Even as he thought this, a man emerged from the half-cabin with a bucket in his hands. It was Greenwald. Unconscious of Lenson's gaze, he began scrubbing with a palmetto brush. Dan was about to speak, but just then someone inside started the boat's engine. It ran for thirty seconds, smooth and loud, then cut off.

Hard at work, and early, too, he thought. He thought of complimenting them but didn't. There was something about it he didn't like. It clashed too glaringly with the rest of
Ryan.
Instead, he shivered suddenly, and slid down the ladder to the main deck.

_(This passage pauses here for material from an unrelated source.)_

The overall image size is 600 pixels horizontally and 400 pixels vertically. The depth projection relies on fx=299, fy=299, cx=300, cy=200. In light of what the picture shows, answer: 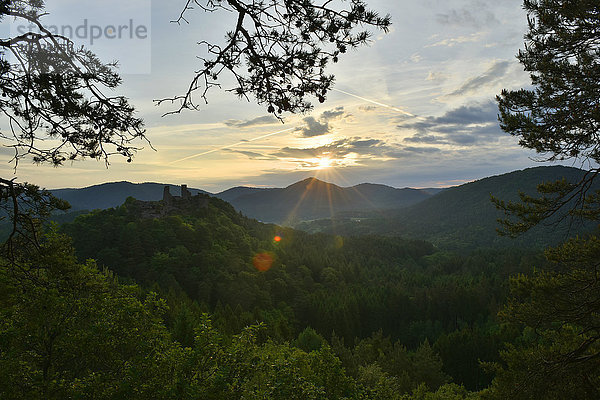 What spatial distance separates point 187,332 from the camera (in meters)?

The narrow corridors were snug after the weather decks. He made his way to Boy's Town, tossed cap and flashlight into his desk, and looked around.

The anonymous cubicle was home now. He had a foldout desk, working surface two square feet, and a little safe with a broken lock. He was getting used to the speckled mirror, the dirty sink, the round-the-clock mess and jostle of four men working, dressing, coming off watch or getting ready to go on. The pipes and wireways made racks for his Gardner and Conrad, Dostoyevski, Wouk, Huxley, and Vonnegut.

And for her. Above his head, shielded so that only he could see it, he'd taped the photo of Susan he'd taken on the beach at Chincoteague early one morning. Two bands of white across a body that had spent the summer in a bikini. It was better not to think about her pale, small breasts, nipples erect with a want he'd satisfied between the dunes moments after laying the camera aside, wrapped in a beach towel against the blowing sand …

He pulled off jacket and shirt, and tried the faucet. One of the evaporators had gone down, and Bryce had set a quota for the crew and junior officers. He cupped the tepid trickle, lathered, and began to shave.

There were two things he hadn't gotten used to yet. The heat was one. It felt good when he came in from topside, but already sweat dotted his forehead in the mirror. Cummings had told him to tuck his socks under his pillow and put them on before jumping down. That gave him enough insulation to find his shoes. The second was the occasional visitor from the cable runs. He'd had no time to read, but his paperbacks came in handy as roach swatters.

He finished scraping and tried for a rinse. Too late. The faucet sucked air like an out-of-shape boxer punched in the gut. He wiped off lather and whiskers, pulled his shirt back on, and headed for the wardroom.